◆ **MATERIAL FOR THE TASK**
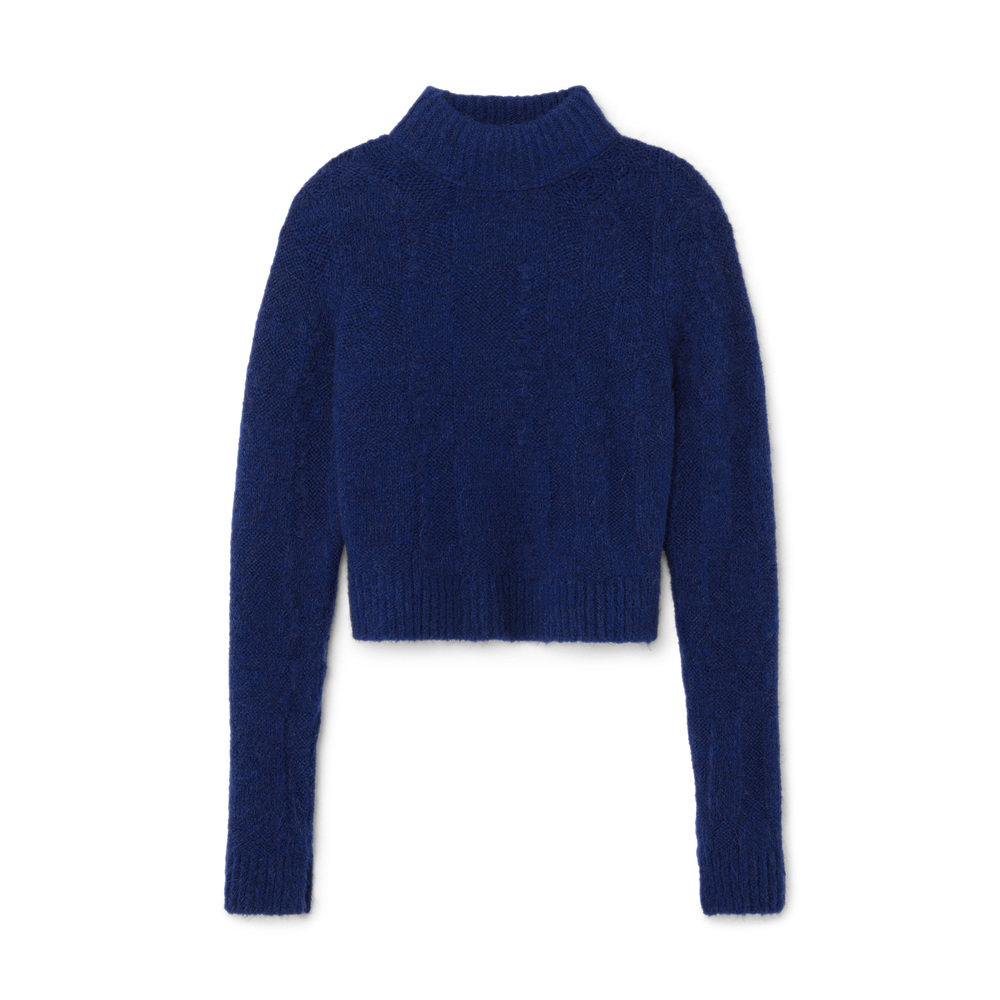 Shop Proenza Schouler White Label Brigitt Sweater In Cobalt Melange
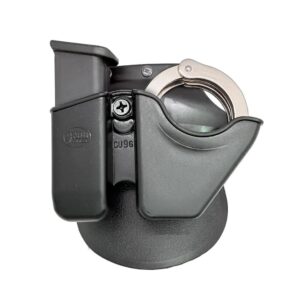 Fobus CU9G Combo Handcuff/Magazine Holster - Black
* * *
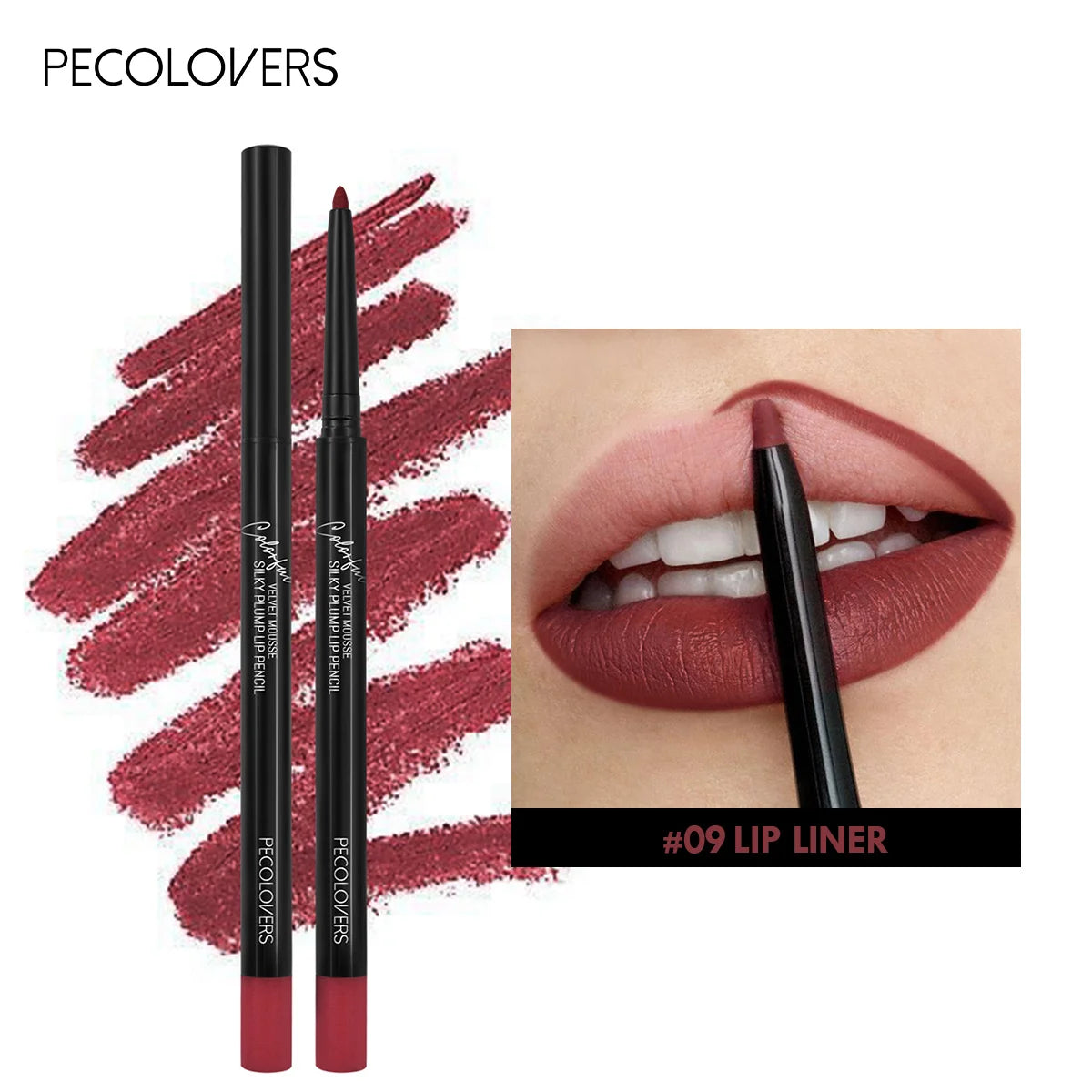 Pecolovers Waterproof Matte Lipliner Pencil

◆ **EXERCISE GOAL**
Although the records above contain pictures, the copy should not; retype exactly the lines from the one containing "Shop Proenza Schouler" through the one containing "Fobus CU9G Combo".

◆ **RESPONSE BELOW**
 Shop Proenza Schouler White Label Brigitt Sweater In Cobalt Melange
 Fobus CU9G Combo Handcuff/Magazine Holster - Black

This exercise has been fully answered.